After the presidential murder in Haiti, there is great skepticism about the official portrayal of the events. These points are hotly debated by experts in the crisis-ridden country.
For two days the usually congested, noisy streets of Haiti’s capital Port-au-Prince were empty. There was paralysis. In the hilly suburb of Pelerin, where President Jovenel Moïse was shot in his residence on Wednesday night and the police were now looking for the perpetrators, shots repeatedly broke the eerie silence.
Now something like normality has returned – as far as one can say of a city that is one third under the control of brutal gangs. The banks and grocery stores have opened again, reports the country director of Welthungerhilfe, Annalisa Lombardo. As a foreigner, she doesn’t dare to go outside yet. There are angry crowds and the government has declared that the attackers were foreigners.
Five of the 28 members of the commando that Moïse allegedly murdered and injured his wife are still on the run, according to the police. 20 were arrested, three killed. A total of 26 of the perpetrators are said to have been Colombian mercenaries; the remaining two Americans of Haitian descent. They are said to have posed as agents of the US anti-drug agency DEA. Colombia’s leadership has identified 13 ex-soldiers from the South American country as suspected participants.
Who are the masterminds?
The two biggest questions remain, however: Who commissioned the murder? And why? Much remains unclear about the course of events. For example, why didn’t the security guards guarding Moïse’s residence seem to offer any resistance? You were unharmed.
It is also puzzling, says Lombardo, that the supposedly well-trained commando apparently had no escape plan. “And then they were caught with their bare hands by the angry mob.” More and more Haitians doubted that the Colombian mercenaries were behind the attack, she says. “There is a clear feeling that something has been staged.”
Colombians as a scapegoat?
Richard Widmaier thinks it’s ridiculous that the otherwise incompetent police want to have caught 20 professional killers in a short time. “Nobody buys that from them,” says the head of Radio Métropole. There is also information that the Colombians were actually hired by the government to fight the gangs in June, called for help on Wednesday night and found the president dead on arrival. “It seems as if they were the ones who took you to the hospital,” he emphasizes, referring to the first lady.
Widmaier says that the finger is now pointing to different people as possible backers. Moïse had many enemies. The president had appointed neurosurgeon Ariel Henry as the new interim prime minister on Monday. His swearing-in, planned for Wednesday, was canceled because of the attack the night before, and his predecessor, Foreign Minister Claude Joseph, declared himself incumbent head of government. Some Haitians, including prominent activists and politicians, suspect a coup, not least because of this chronological sequence.
Impending power struggle
Joseph is accepted as a point of contact by the international community, but Henry sees himself as the real prime minister. Because Haiti has not had a quorum parliament for a good year and a half, neither of them can be constitutionally confirmed.
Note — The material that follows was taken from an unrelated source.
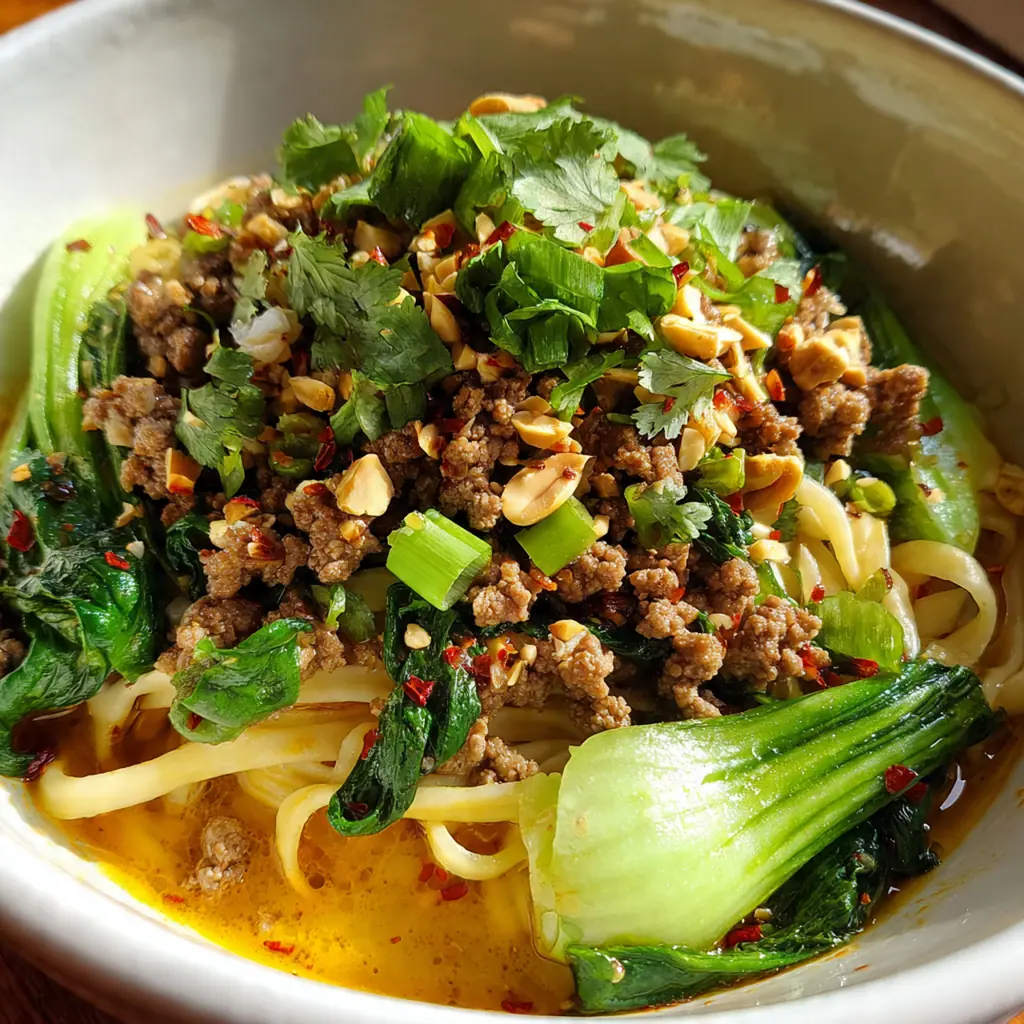 A steaming bowl of dan dan noodles topped with crispy pork, green onions, and crushed peanuts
The ten remaining senators have now elected the previous Senate President Joseph Lambert as interim president. A power struggle is looming.
The first ruler of independent Haiti after the slave revolt, Jean-Jacques Dessalines, was assassinated in 1806. Before Moïse, Vilbrun Guillaume Sam, a Haitian president, last met this fate in 1915. This was followed shortly thereafter by an almost 20 year long occupation of Haiti, which shares the island of Hispaniola with the Dominican Republic, through the nearby United States.
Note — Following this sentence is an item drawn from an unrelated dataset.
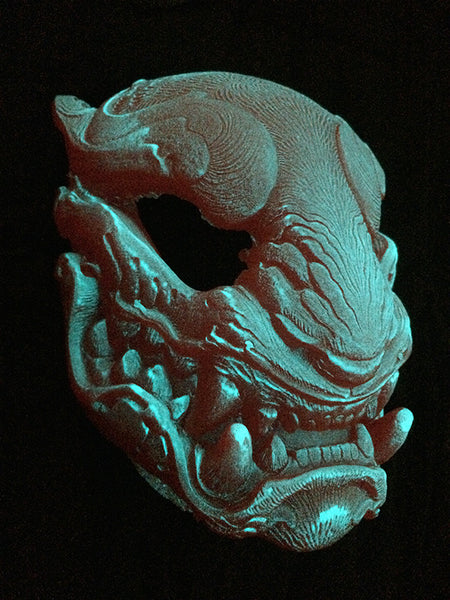 DIY BLANK- TRANSLUCENT RED, GLOW IN THE DARK PANTHER MASK- MICRO EDITION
Even after the 2004 coup against Haiti’s first democratically elected president, Jean-Bertrand Aristide, US soldiers came together with UN peacekeepers to calm the situation. Now there are again calls for stabilizing US intervention. Joseph’s government has asked the ex-occupying power to send troops to protect infrastructure, as election minister Mathias Pierre told CNN.
“We don’t want US troops”
Many Haitians are strongly against it. “We don’t want US troops on Haitian soil,” tweeted activist and writer Monique Clesca. Others see this as the only possibility that the presidential and parliamentary elections planned for September 26 can take place – also because gangs with their fighting over areas recently drove thousands of people to flight, partially paralyzed the movement of goods and practically removed the south of the country the capital.
In view of the gang violence and an angry and hungry population, Widmaier fears that there could be devastating riots like those at the end of the Duvalier dictatorship in 1986. If so, he says he would be welcoming US troops. “We all feel that something is going to happen – that it’s not over yet.”